Because I was stained with the Conqueror’s cum. A sickening tingle crawled over my skin, like a thousand ants skittering along my inner thighs.
I needed it off.
I grabbed at my skirts, yanking the fabric up as I scrubbed at my skin, harder and harder. It wouldn’t come off. I was marred. I was stained. Deidre had been right. She had sensed it the moment she looked at me. I was a wicked, sinful whore, meant for our terrible Imperium. That was all I had ever been.
That was all I ever would be.
I rubbed and rubbed and rubbed, but I could still feel them.
Their fingers on my skin.
Their cocks burning inside me.
Their presences hovering at the edges of my mind. Getting closer and closer with each passing hour until nothing would be left of me.

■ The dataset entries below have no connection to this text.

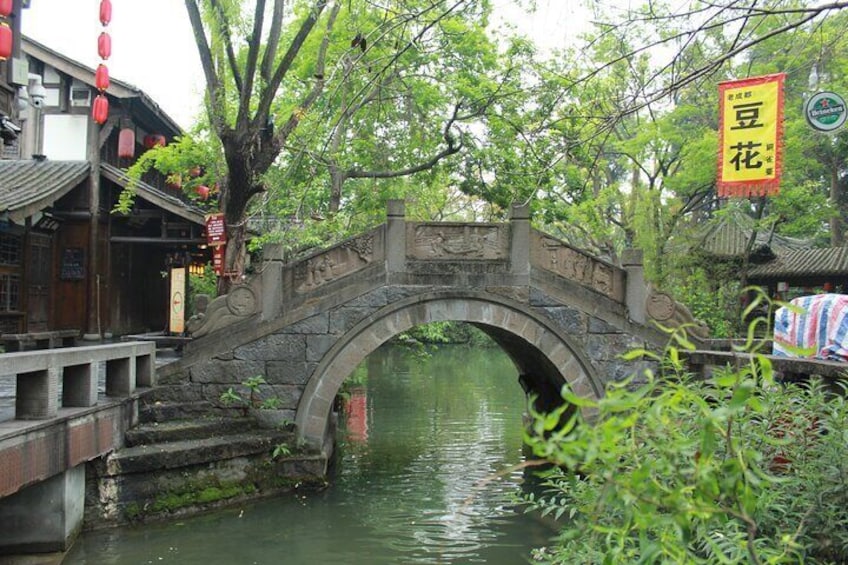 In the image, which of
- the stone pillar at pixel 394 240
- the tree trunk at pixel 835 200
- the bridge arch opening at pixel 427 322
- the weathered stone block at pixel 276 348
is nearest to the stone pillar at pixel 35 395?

A violent shudder wracked through me. My stomach lurched. Oh, stars, I was going to puke. I curled into myself, clutching my chest—
Two shadows shifted overhead, the ominous swirl of a storm and a cackling wildfire. I couldn’t see them, but I didn’t need to look to know. Their gazes met over my head, something passing between them. Something I could also know, if I wanted.
But I didn’t want to.
I didn’t want this bond.
I didn’t want this life.
The kings settled around me, surrounding me like they always did. Like they always would. Luc’s grip was firm as he pulled my hands away from my scraped skin. The welts between my thighs burned, an angry red from where I had rubbed myself raw.

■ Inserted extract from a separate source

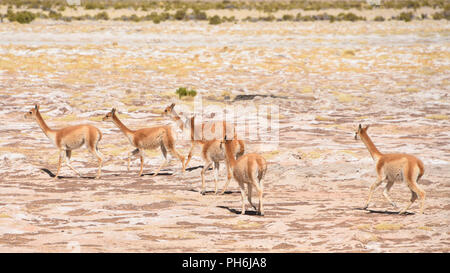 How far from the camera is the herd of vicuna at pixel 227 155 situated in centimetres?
1012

But I could still feel it, feel them.
I pulled against his hold, but he didn’t budge in the slightest. It was like I hadn’t even tried.
Because I was trapped by them eternally. My vision wavered. The birdsong and breeze faded beneath the suffocating weight of my heartbeat.
On my other side, Jules stroked a hand down my back. “Shh, just breathe.”
Luc’s fingers over mine drew two small shapes on my hand. Heal . Clean . Magic coated me in a wave of warmth. The skin between my thighs faded from angry red to regular pink. The sweat, the dirt, the cum all disappeared from my skin.
But it didn’t matter. Because the kings’ soul was still inside of me, merged with mine. The heat of them didn’t just press in from all angles.
It radiated from within.
I jolted back, ripping myself from their hold. They let me go.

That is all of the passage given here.